§ **Given information**
== Segment start ==

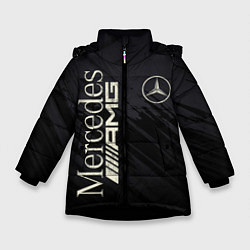 Куртка зимняя для девочки Mercedes AMG: Black Edition, цвет: 3D-черный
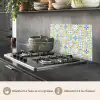 Zee - Geel - Blauw - Wit keuken achterwand spatscherm klein 900 -usp_FR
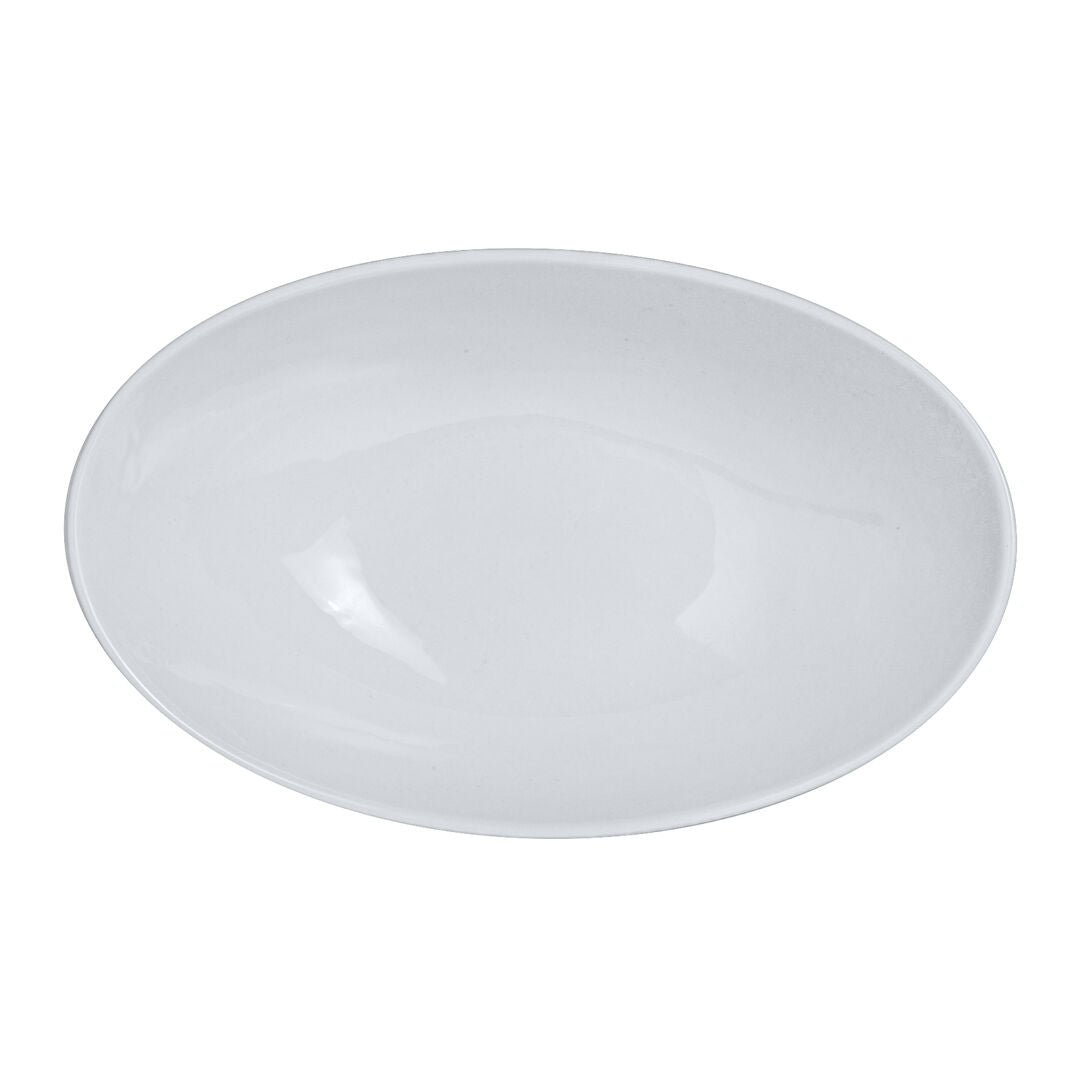 Utopia | Tableware | Cafe Porcelain Oval Bowl 15.25 x 9.5cm 17.7cl (6 x 3 3/4" 6 1/4oz) | Bespoke77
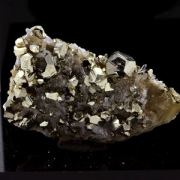 Siderite, Quartz, Pyrite.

== Segment end ==

§ **Problem to solve**
For this exercise, reproduce the data above exactly from the line containing "Utopia | Tableware" through its final line, both ends included, with no pictures in the copy.

§ **Output of the exercise**
 Utopia | Tableware | Cafe Porcelain Oval Bowl 15.25 x 9.5cm 17.7cl (6 x 3 3/4" 6 1/4oz) | Bespoke77
 Siderite, Quartz, Pyrite.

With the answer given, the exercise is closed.